Our first dough is a 3kg wholemeal, with 2 per cent salt, 2 per cent yeast and 70 per cent water. I soon appreciate why professional bread recipes operate in percentages: it makes it easy to scale up. We all try kneading in various ragged imitations of Paul's powerful and economical technique, which effortlessly turns the dough from a sticky shapeless mass into a coherent entity.
Next come bridge rolls made with the whitest of white steel-ground flour and enriched with butter. Under Paul's encouraging eye and through his clear remarks we learn about different types of flour, how to shape cobs and bloomers, and to roll up pan loaves tightly. We make rye/wheat mixtures and use the giant mixer to create a dough for cottage and farmhouse loaves. We form the bridge rolls with delight and the plaited loaves with even more.
Our confidence increases and so does our bantering. Paul, an excellent teacher, ran his own artisan bakery in his native Australia for 10 years, before coming to England and deciding to concentrate on passing on his passion, knowledge and skills.
In the late afternoon we make the "sponges" for the next day, slow, minimally yeasted doughs which will prove overnight, developing complex flavours. Next day we use them to make Scottish rolls, farmhouse tins and cottage loaves - some of them in the dramatic wood-burning oven (Paul is an expert in building these things). In the afternoon we tour the water-powered Cann Mills, which host the Panary, and provide all of its stoneground flour.

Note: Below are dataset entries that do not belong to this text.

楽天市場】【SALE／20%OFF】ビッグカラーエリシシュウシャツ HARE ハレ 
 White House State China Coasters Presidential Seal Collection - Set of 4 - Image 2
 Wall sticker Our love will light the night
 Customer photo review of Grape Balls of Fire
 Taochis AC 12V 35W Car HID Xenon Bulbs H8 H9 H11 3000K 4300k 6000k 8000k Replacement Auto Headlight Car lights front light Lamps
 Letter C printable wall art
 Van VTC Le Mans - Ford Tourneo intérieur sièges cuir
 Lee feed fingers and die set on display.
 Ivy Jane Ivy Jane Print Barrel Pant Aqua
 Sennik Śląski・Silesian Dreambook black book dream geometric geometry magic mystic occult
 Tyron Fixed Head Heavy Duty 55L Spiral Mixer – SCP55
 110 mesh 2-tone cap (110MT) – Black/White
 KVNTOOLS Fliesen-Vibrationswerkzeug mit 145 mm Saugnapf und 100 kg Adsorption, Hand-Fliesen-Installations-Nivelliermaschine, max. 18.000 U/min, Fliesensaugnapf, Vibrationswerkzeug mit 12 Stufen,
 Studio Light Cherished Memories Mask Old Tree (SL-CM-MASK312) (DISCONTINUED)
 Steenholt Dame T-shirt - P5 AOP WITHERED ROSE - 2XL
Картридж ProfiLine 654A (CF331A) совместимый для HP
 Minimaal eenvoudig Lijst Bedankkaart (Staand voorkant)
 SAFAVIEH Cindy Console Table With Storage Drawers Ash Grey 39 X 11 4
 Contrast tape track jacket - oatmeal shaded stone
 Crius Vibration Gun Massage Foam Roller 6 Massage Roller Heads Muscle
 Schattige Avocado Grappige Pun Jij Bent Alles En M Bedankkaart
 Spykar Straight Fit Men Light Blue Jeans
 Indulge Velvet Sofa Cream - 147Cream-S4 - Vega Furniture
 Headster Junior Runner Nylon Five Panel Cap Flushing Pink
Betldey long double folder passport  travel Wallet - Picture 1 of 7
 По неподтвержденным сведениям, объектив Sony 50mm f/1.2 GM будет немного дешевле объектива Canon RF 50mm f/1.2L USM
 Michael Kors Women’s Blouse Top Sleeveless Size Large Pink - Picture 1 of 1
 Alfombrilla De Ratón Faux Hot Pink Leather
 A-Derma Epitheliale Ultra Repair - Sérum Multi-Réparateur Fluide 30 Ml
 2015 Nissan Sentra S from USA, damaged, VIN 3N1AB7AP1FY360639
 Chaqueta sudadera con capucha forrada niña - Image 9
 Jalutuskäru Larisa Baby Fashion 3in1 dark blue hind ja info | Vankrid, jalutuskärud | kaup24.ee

At the share-out of the spoils I fill the largest cardboard box I can carry home on the train, shoehorning just a few more bridge rolls into the corners. "I made all this," I announce with pride as I display my creations to the children on the kitchen table as they emerge damp from the bath.
The children are massively impressed. My son, nearly three, consumes a third of a plaited loaf in 15 minutes and insists on taking the rest to bed with him; my daughter, six, chooses a Scotch roll and makes me promise to show her how to make them, which I'll be able to do using the excellent course notes. She devours the bread, crust and all.
Bridge rolls
Makes about 25 rolls
Quaintly named to conjure up an image of the afternoon refreshments served to ladies as they gather around card-playing tables, these rich little rolls have real charm. They're soft, white and delicate. Here is a relatively quick method for making them, perfect for the novice baker.
500g strong white bread flour
25g fresh yeast or 15g dried
250-270ml warm water (30°C)
10g salt
1 egg
30g butter or lard
1 beaten egg for glazing
Make a silky dough with the first five ingredients, then knead in the fat. Leave it to prove for 11/2 hours. You can knock back the dough (stretching and knocking the air out) after 45 minutes and leave it for another 30 minutes. Divide the dough into small pieces - about 30g each - flatten them, fold them in half then tightly roll each into short finger shapes. Place them on a baking tray, barely touching each other. Brush with beaten egg and leave them to prove for around 30 minutes. Bake them lightly in an oven pre-heated to the maximum temperature (about 220°c/gas mark 61/2) for just 15 minutes.
Paul Merry runs a range of breadmaking courses at Panary, 6 Empire Road, Salisbury, Wiltshire, 01722 341447, www.panary.co.uk. From £125 for one day to £460 for four, accommodation extra
Christina Patterson blisses out at the Dunbrody Country House Hotel, Ireland
I've always loved eating and hated cooking, so I was nervous about learning to cook seafood and Thai curries from one of Ireland's leading chefs. Arriving at the mini rural paradise, reached from Waterford airport via winding country lanes and a little ferry, I cheered up when I saw my gorgeous suite. A trip to the new Molton Brown spa was followed by a splendid dinner of seared foie gras with a black pudding and white-onion timbale and roast rack of new-season lamb with buttered leeks and a wholegrain mustard jus. Then I had a fabulous night's sleep. After a breakfast that included the best bread I've ever eaten, I was ready for anything. Ready, even, for cooking.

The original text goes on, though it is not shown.